An Executive Coach Benefits More Than the Executive

A good executive coach is an asset to an organization. Her impact is not just on the executive she is coaching. The coaching she does benefits the owners, the executive team, the employees, the customers and the bottom line. When an executive improves his behavior, productivity and/or performance the impact is on everyone either directly or indirectly.

For example, Ned, VP of Strategy Development for a global company spent six months with a coach working on his own coaching and mentoring skills. He was able to impact his direct reports by coaching and mentoring them to take on more responsibility which in turn freed him up to do more high level work. That allowed him to improve his performance and productivity which led to the company taking steps to course correct their strategic direction. The correction impacted the bottom line to the tune of millions of dollars and thousands of happy customers.

Another example is Sally, the Executive Director of a small non-profit organization that helped the homeless. Sally engaged a coach to help her work better with her Board of Directors. Her coach was able to help her open lines of communication and create strategic programs that stretched their budget dollars to include more clients. The impact on client (customer) lives was tremendous. Sally was also able to encourage the Board to join her in new fundraising efforts which built the budget even more. Once Sally as able to create better working relationships with the Board members staff also became more excited and productive because the atmosphere in the office had lightened up.

A final example is Kim, a Purchasing executive who was coached on interpersonal and sales skills.

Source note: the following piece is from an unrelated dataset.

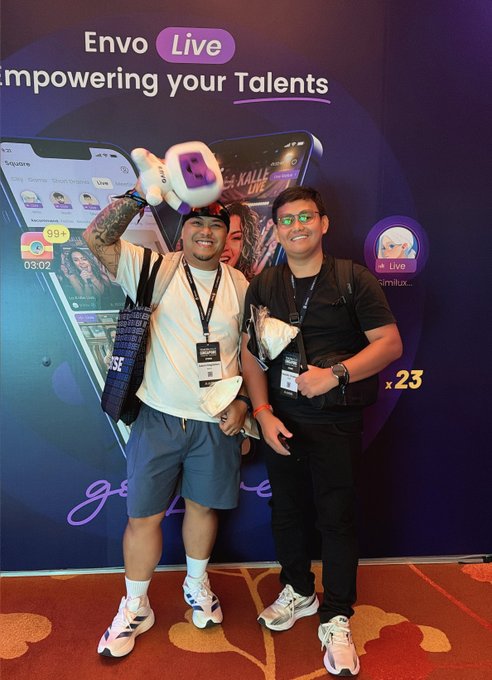 Two men pose in front of an "Envo Live - Empowering your Talents" banner at what appears to be a convention, one holding a promotional plush toy.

Kim was having difficulties with both his vendors and his staff because of his brusque demeanor. Through coaching Kim was able to turn around his approach to people and repair many broken relationships. His staff not only bonded with him but with each other. The vendors became more reasonable because they had an ally instead of a foe to work with. It all meant that goods and supplies came in on time which helped product go out the door faster. Customer complaints about late deliveries dropped significantly. Did the ripples of this hit the bottom line – absolutely!

The ripple effect of coaching an executive is felt throughout the organization. It can even change departmental and corporate cultures. If you are on the fence about hiring an executive coach, I hope this article helps you make the decision to go forward. I would just caution you to screen your potential coaches very carefully. Be sure you hire one that has superior credentials and can prove they have had extensive training and experience.